Every year, hundreds are seriously injured or even killed by cloud-to-ground lightning strikes. Yet the majority of lightning takes place in the clouds. This in-cloud lightning often provides a critical, early indication of severe weather, such as dangerous lightning strikes, high winds, hail and even tornadoes.
The outdoor alerting system coming to Lee County High Schools automatically produces a high-decibel, attention-getting signal when in-cloud and cloud-to-ground lightning enters a predetermined radius, such as 10 miles, surrounding the school. The lightning sensors that will be placed on each school will be part of the world’s largest total lightning network, which is operated by Earth Networks – WeatherBug.
Thirteen Lee County high schools will also have a WeatherBug weather station onsite. These stations are connected to the Internet and measure temperature, wind speed and direction, precipitation, and other variables, every few seconds. Four of the 13 schools currently have WeatherBug weather stations, and the remaining nine schools will have weather stations installed.
As the weather stations and lightning detection sensors are deployed, the Lee County High Schools will become part of the ABC7 WZVN WeatherBug Schools Program. The schools will be able to provide weather data for meteorological teams at news station WZVN, and other stations across the country, to broadcast online and on-air. The schools’ weather stations will also provide real-time weather and lightning alerts to people in the community who use WeatherBug apps on their iPhones and Android smartphones. In addition, the equipment will also be used to enhance the science, technology and math school curriculum at the schools using WeatherBug Achieve web-based software.

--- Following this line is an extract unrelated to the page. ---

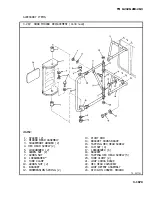 Preview for 506 page of AM General M915A1 Technical Manual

“With the lightning detection and alerting technology available today, there is absolutely no reason to remain in harm’s way when lightning and severe weather is in the area,” says WeatherBug Director of Enterprise Solutions, Frank McCathran. “It is about ensuring peace of mind by knowing that you are helping keep your students, athletes, coaches and fans safe through advanced warning. We are proud to be helping the Lee County Schools’ staff and community with this important initiative.”
WeatherBug solutions will be deployed at the following Lee County, Florida, High Schools: Cape Coral High School, Cypress Lake High School, Dunbar High School, East Lee County High School, Estero High School, Fort Myers High School, Ida S. Baker High School, Island Coast High School, Lehigh Senior High School, Mariner High, North Fort Myers High School, Riverdale High School and South Fort Myers High School.